» **Records drawn from a dataset**:
--

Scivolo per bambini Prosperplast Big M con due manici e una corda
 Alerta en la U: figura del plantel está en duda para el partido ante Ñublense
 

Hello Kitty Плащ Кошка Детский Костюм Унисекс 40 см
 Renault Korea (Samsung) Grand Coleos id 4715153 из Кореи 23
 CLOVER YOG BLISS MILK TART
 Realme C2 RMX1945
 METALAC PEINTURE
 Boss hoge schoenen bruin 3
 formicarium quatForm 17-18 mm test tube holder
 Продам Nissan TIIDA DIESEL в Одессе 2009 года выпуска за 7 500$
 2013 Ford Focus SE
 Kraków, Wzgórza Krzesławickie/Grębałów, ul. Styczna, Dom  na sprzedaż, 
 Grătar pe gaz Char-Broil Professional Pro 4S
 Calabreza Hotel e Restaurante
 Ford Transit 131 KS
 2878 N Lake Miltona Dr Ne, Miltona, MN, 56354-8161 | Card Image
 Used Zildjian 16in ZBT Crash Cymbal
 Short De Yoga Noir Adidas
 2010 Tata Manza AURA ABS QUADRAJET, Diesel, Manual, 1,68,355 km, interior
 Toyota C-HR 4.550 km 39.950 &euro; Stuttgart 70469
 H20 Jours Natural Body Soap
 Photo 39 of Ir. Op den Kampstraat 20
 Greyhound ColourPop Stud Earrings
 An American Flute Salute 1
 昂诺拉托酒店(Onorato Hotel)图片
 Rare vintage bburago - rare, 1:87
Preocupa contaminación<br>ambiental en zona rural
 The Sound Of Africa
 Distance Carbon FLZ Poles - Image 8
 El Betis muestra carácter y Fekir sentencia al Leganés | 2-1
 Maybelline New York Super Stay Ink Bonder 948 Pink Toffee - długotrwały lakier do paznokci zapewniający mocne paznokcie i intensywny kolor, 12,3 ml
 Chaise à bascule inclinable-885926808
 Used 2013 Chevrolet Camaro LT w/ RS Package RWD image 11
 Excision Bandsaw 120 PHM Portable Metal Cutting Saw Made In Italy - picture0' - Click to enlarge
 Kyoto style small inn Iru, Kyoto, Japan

--

» **WHAT THE TASK REQUIRES**:
Your answer must be the lines from the one with "The Sound Of Africa" through the last line of the data, repeated exactly and with nothing else.

» **EXPECTED ANSWER**:
 The Sound Of Africa
 Distance Carbon FLZ Poles - Image 8
 El Betis muestra carácter y Fekir sentencia al Leganés | 2-1
 Maybelline New York Super Stay Ink Bonder 948 Pink Toffee - długotrwały lakier do paznokci zapewniający mocne paznokcie i intensywny kolor, 12,3 ml
 Chaise à bascule inclinable-885926808
 Used 2013 Chevrolet Camaro LT w/ RS Package RWD image 11
 Excision Bandsaw 120 PHM Portable Metal Cutting Saw Made In Italy - picture0' - Click to enlarge
 Kyoto style small inn Iru, Kyoto, Japan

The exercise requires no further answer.